■ Task objective: The required result is an exact copy of the lines from the one containing "Film Camera Lijnkleur" to the last line of the records, both ends included, without pictures.

——————————

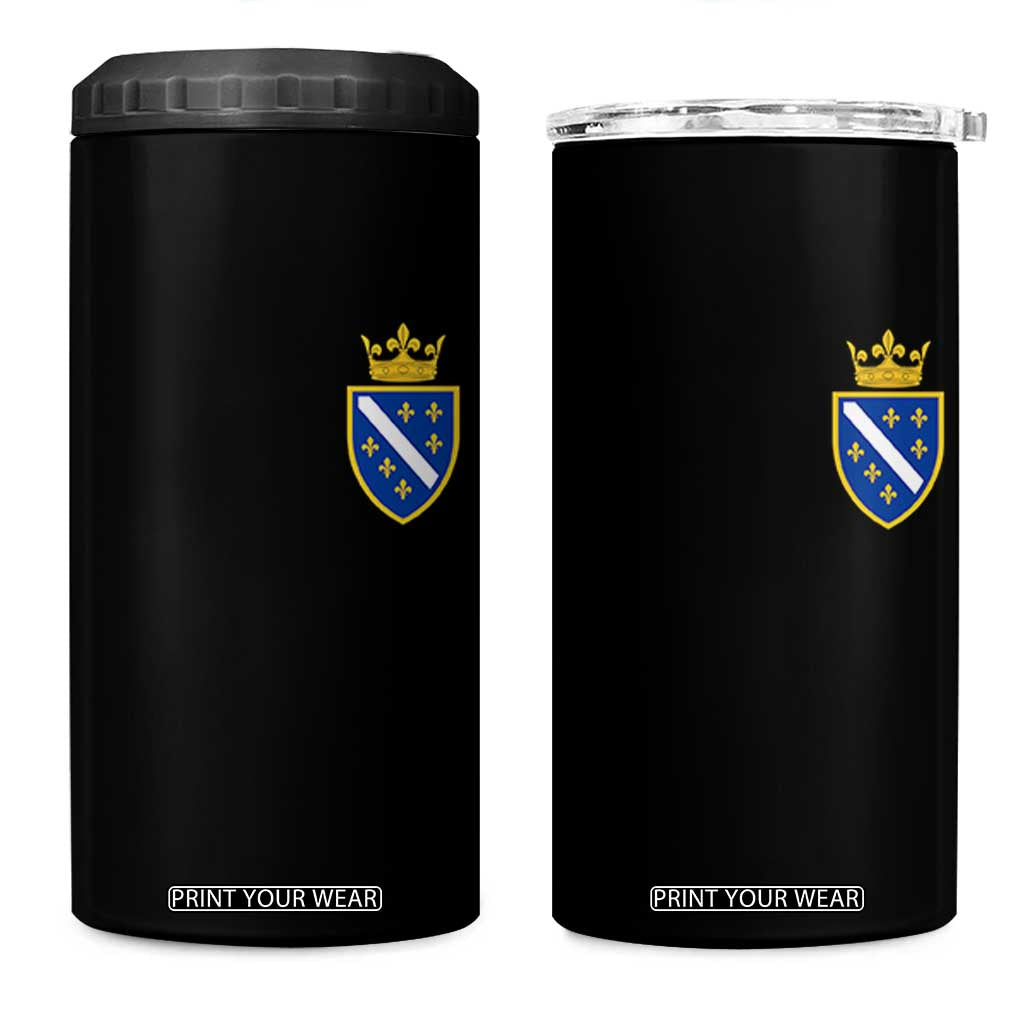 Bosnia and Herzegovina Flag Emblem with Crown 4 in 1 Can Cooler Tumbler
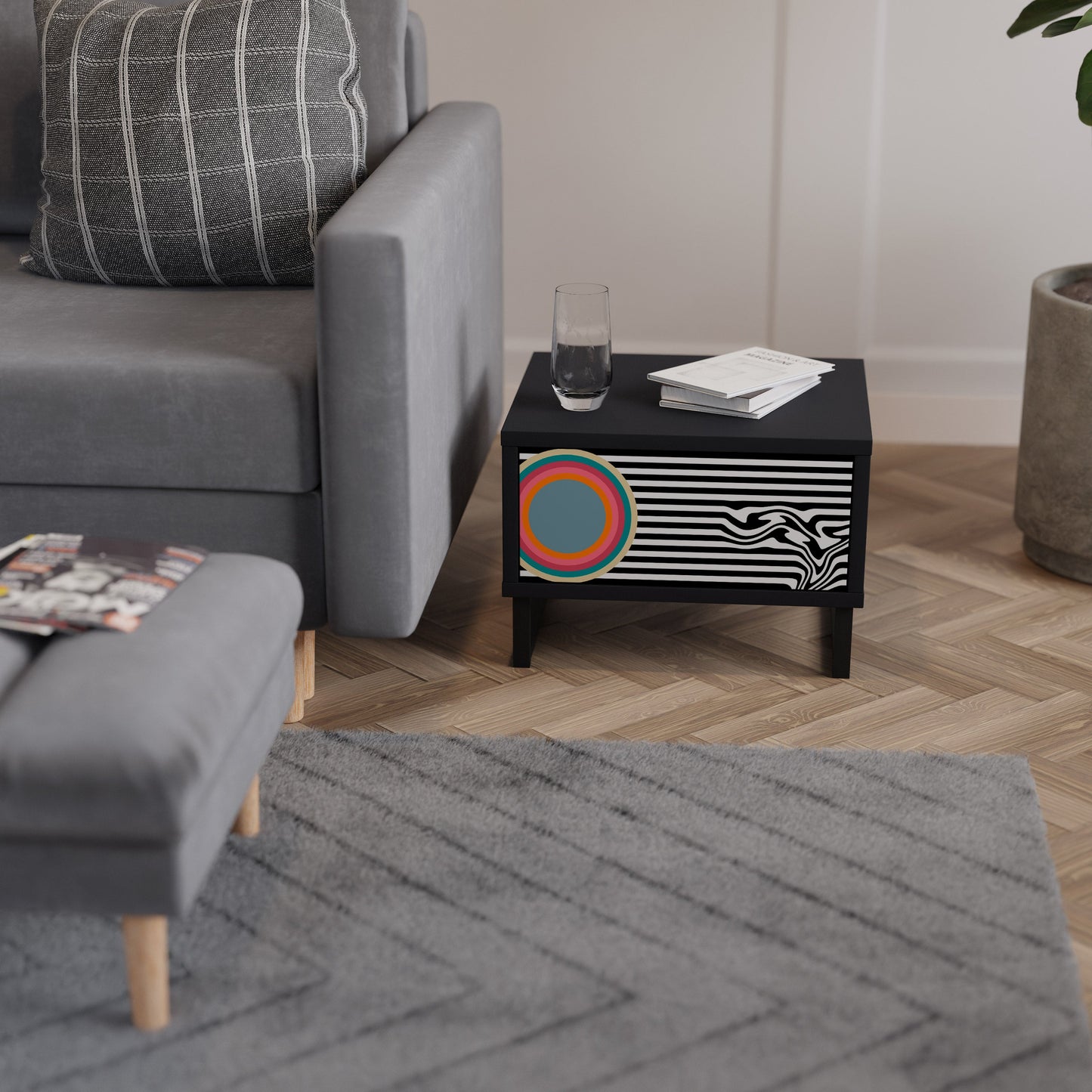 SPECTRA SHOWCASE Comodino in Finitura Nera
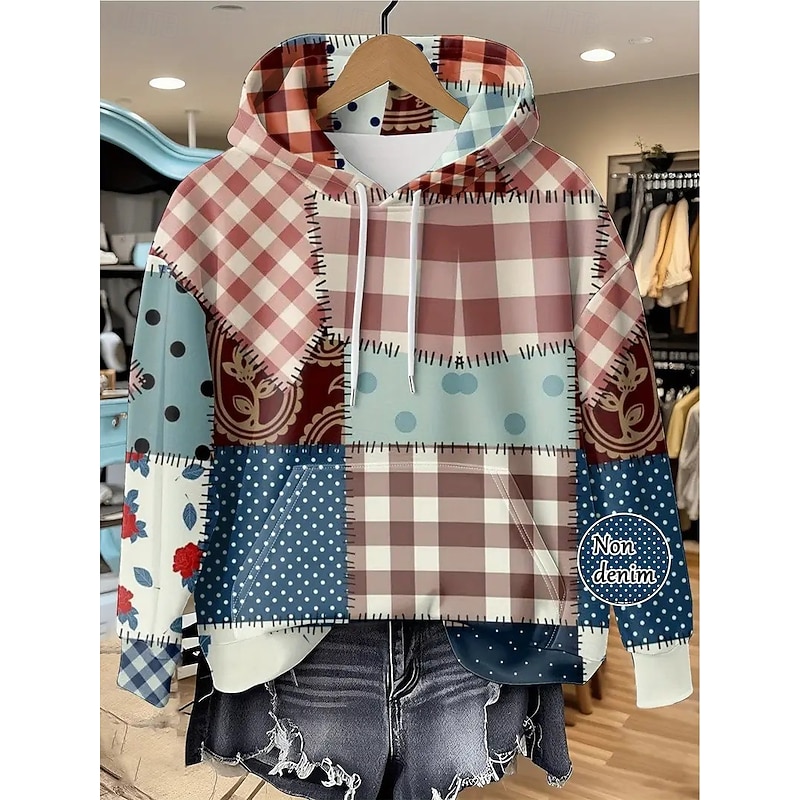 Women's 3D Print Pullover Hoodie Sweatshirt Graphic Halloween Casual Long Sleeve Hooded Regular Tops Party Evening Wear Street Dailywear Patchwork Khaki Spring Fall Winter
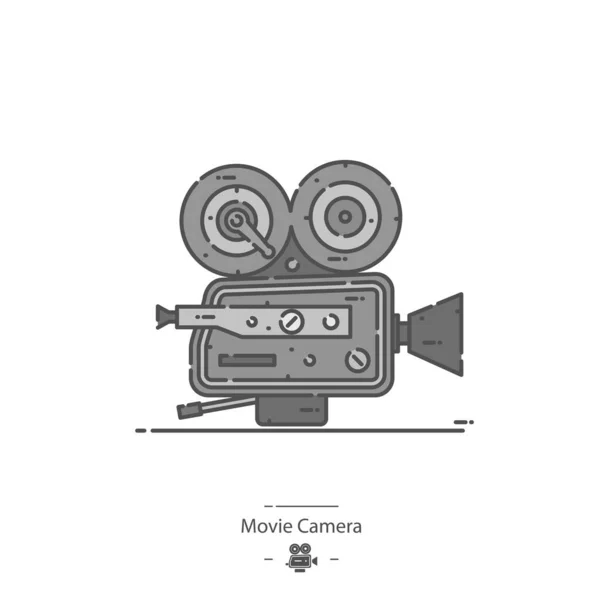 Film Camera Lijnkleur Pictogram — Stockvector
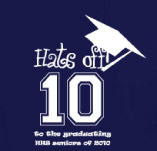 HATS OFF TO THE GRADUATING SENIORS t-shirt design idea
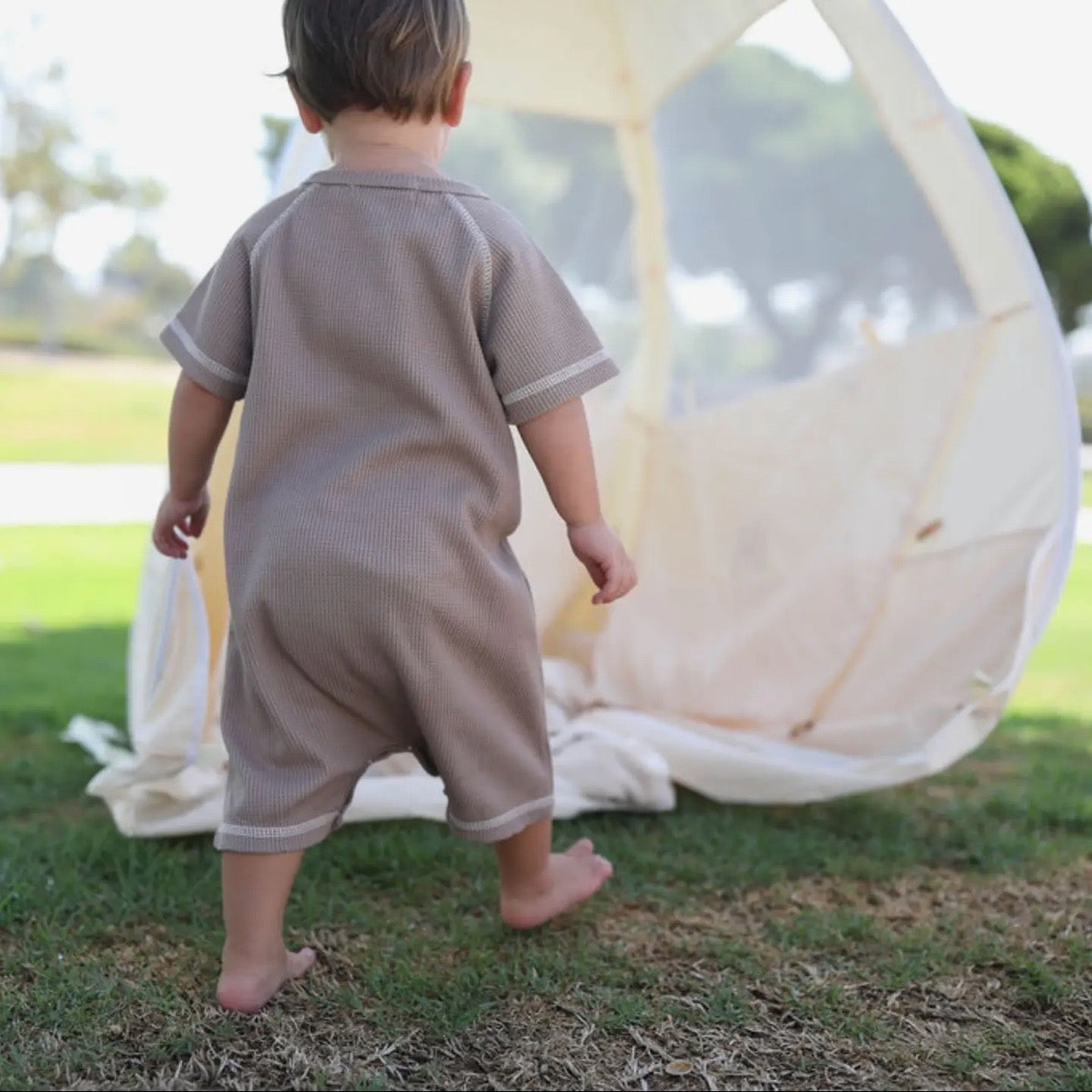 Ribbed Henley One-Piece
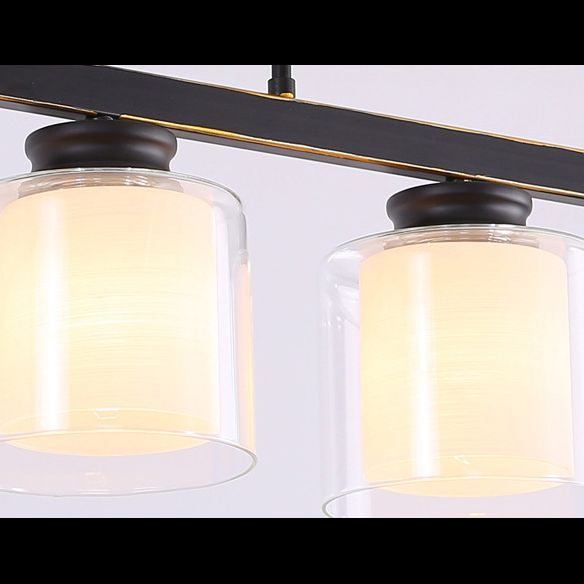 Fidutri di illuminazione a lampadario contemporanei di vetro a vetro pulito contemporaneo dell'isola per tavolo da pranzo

——————————

■ Reply to the task:
 Film Camera Lijnkleur Pictogram — Stockvector
 HATS OFF TO THE GRADUATING SENIORS t-shirt design idea
 Ribbed Henley One-Piece
 Fidutri di illuminazione a lampadario contemporanei di vetro a vetro pulito contemporaneo dell'isola per tavolo da pranzo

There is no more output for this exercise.